Police stage 'chilling' raid on small Kansas newspaper, seizing computers (due to divorce conflict?)

Now, and 30 miles away, I am sure you’re correct. A year from now and 100 miles away…

Let’s just say I don’t have much faith in people or the system holding assholes like this accountable.

Hell, he hasn’t even been charged with anything, and officers with criminal convictions get new jobs all the time.

I’m in the “he’ll have a job soon camp” I’m betting that there are a lot of people out there who think he did the right thing, and that his firing was just a liberal plot to malign a good god-fearing man

That wasn’t my point.

I live in a prosperous, highly educated suburb in arguably the most liberal state in the country.

Our former police chief became “former” after a lawsuit was settled for a few hundred thousand with a female civilian employee who was groped by male officers in the chief’s presence, during a “training exercise”

He found another job in the same state in another somewhat less prosperous but even more lily white suburb.

His replacement in our town was run out of a more diverse community after expressing support for Derek Chauvin on social media.

Now neither of them had criminal convictions, but neither does the cop in Kansas as far as I can see.

BTW, the hole in the police department budget made by the settlement with the victim of sexual assault was filled by laying off ALL the crossing guards. Of course the school department had to hire the crossing guards, and in turn lay off a bunch of classroom aides. Leading to a bunch of lawsuits from special education students.

But most people in town still idolize the cops. People with degrees from Harvard, MIT and Dartmouth. Lawyers, Engineers, Captains of Industry. Not just yobbos. Businesses are falling over each other to fete them

He’ll have another job in no time. He’s simply being persecuted for having the balls to take on the no-good radical mainstream press. Plenty of towns will be happy to have someone like that.

Notoriety is good thing these days among a certain population.

If indeed he’s rehired quickly that fact ought to come to the WWW’s general awareness pretty shortly thereafter. So for once we’ll know the outcome to all our respective confident predictions.

OTOH, even if he doesn’t find another LEO job quickly, I won’t ever be able to smirk and say ‘I told you so’. Unless he announces that he’s leaving law enforcement forever, I guess.

Don’t know if this is paywalled or not.

Former police chief Cody has issued a response to the lawsuit filed against him.

Update: Youtuber LegalEagle has released a video covering the whole mess up to now.

This showed up at the bottom of the page. Yeah, he’ll be lucky if his employment future even involves the phrase “Want fries with that?”

Not that there’s anything wrong with working fast food in itself, just sayin’.

City of Marion continues to flout the law.

Thanks for the update.

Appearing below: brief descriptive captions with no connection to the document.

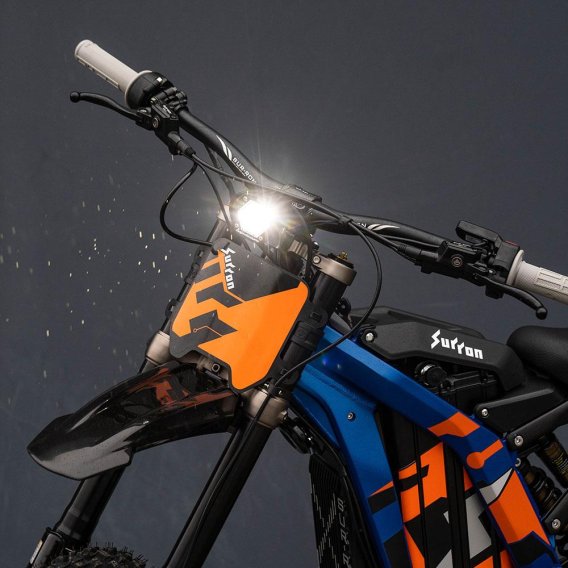 Sur-Ron/Talaria S1 Headlight Kit For 18-24 Sur-ron Light Bee X 22-24 Talaria Sting MX3-MX4 Baja D...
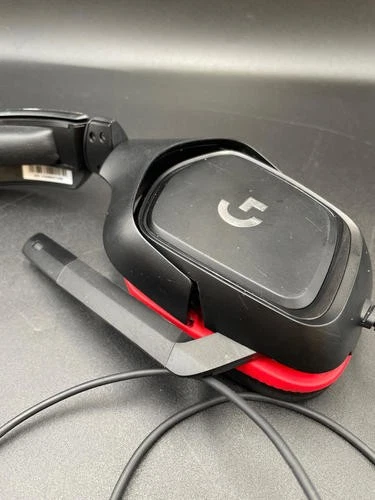 LOGITECH G332 STEREO(DAMAGED) - Image 4 of 4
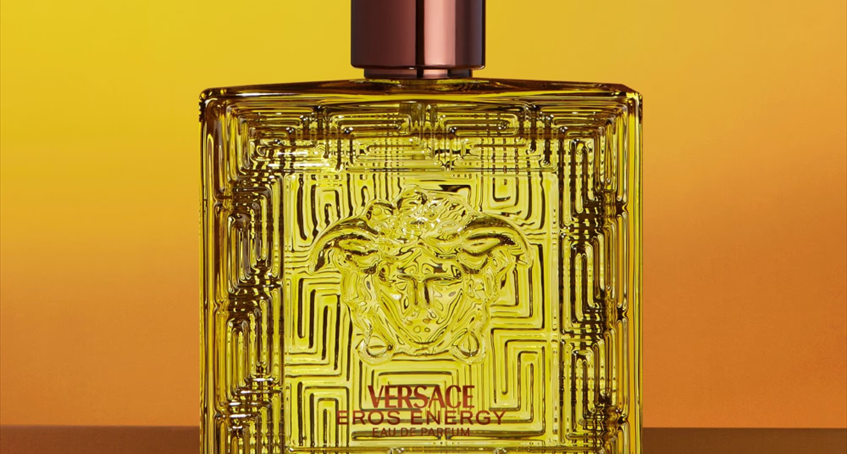 Eros Energy : La nouvelle impulsion olfactive signée Versace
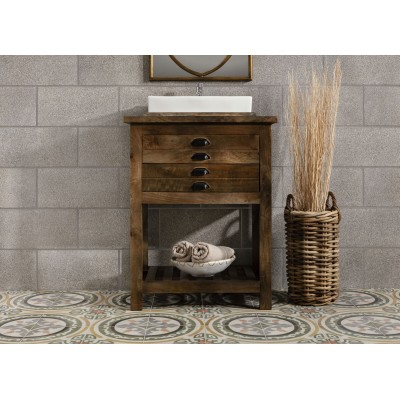 Плитка 37773 Fs Block Silver 20x40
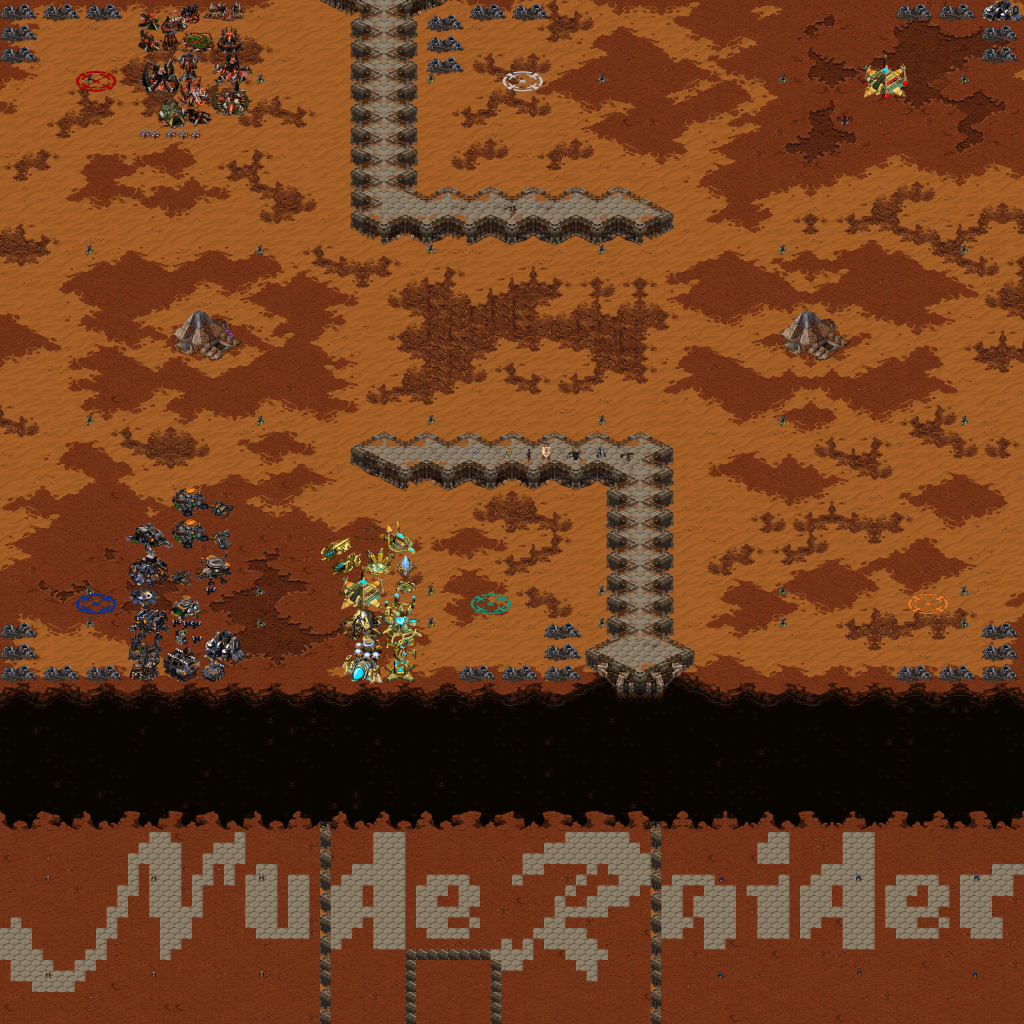 Desert Strike v1.1 beta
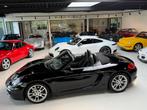 2013 Porsche 981 Boxster Handbak 80.000km, Auto's, Porsche, Achterwielaandrijving, Zwart, Cabriolet, Zwart
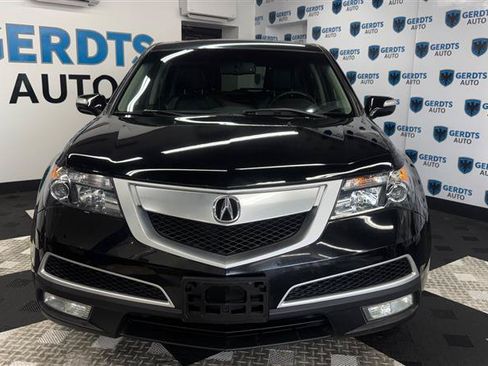Used 2012 Acura MDX AWD/4WD image 3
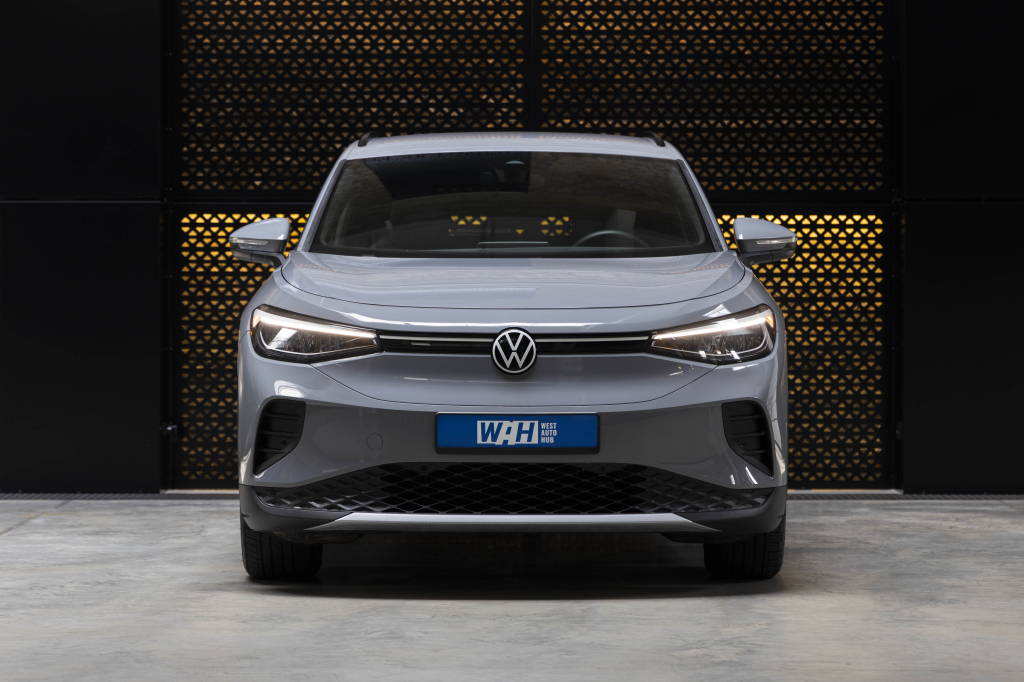 Volkswagen ID.4 Pro 2022 фото Volkswagen ID.4 Pro 2022 фото 2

Yeah - if the City had zero culpability, or even a deniable amount, they’d want to put as much forward as to “clear the record” or “come clean”. Instead, they’ve dug in beyond what I would have expected when they let the sheriff go.

Methinks I was not wrong when I brought up the Oklahoma officials case way back in #6. I feel a very, Very strong taste of “How DARE you report on us” from all the city government bodies involved.

Of course, it could be an even more simple issue. They may have talked in the clear about actionable, criminal intent and are doing just CYA and Delay. It wouldn’t surprise me at this point.

Update: Owner and publisher of the newspaper has filed a lawsuit, the fourth such suit resulting from the raid. In part, the suit is on behalf of his mother, who died a day after the cops raided her house.

Former reporter settles part of her lawsuit over a police raid on a Kansas newspaper for $235,000

The settlement removed the former police chief in Marion from the lawsuit filed by former Marion County Record reporter Deb Gruver, but it doesn’t apply to two other officials she sued over the raid: the Marion County sheriff and the county’s prosecutor.

https://apnews.com/article/kansas-newspaper-raid-lawsuit-b0b825c3643d407a0379893256db224d

Good.

Agreed. Here’s CNN’s coverage:

If I’m understanding it right, this prosecution is for impeding the investigation into the raid itself. So he’s being prosecuted for interfering with other police (and DAs), but not for the actual raid itself. So lying on the warrant and conducting an illegal raid was fine.

Hopefully that will change.

Note that what he’s being charged with is not the raid itself or anything that led up to it, but some as-yet-unspecified action he took after the raid which the prosecutor believes constitutes obstruction of justice.

Ninjaed.

Small bump: I was curious about the status of this matter, so I went and looked for an update. I figure it’s worth letting people know the prosecution against the former police chief is continuing to grind forward. This is from a few weeks ago.

(I also agree with the comments from the newspaper’s publisher. It’s weird that the ex-chief is being held out as the sole fall guy. This is clearly not the whole story.)

Thanks for following up on this. It sounds like the story is being gently buried, for lack of attention outside the town. Too bad.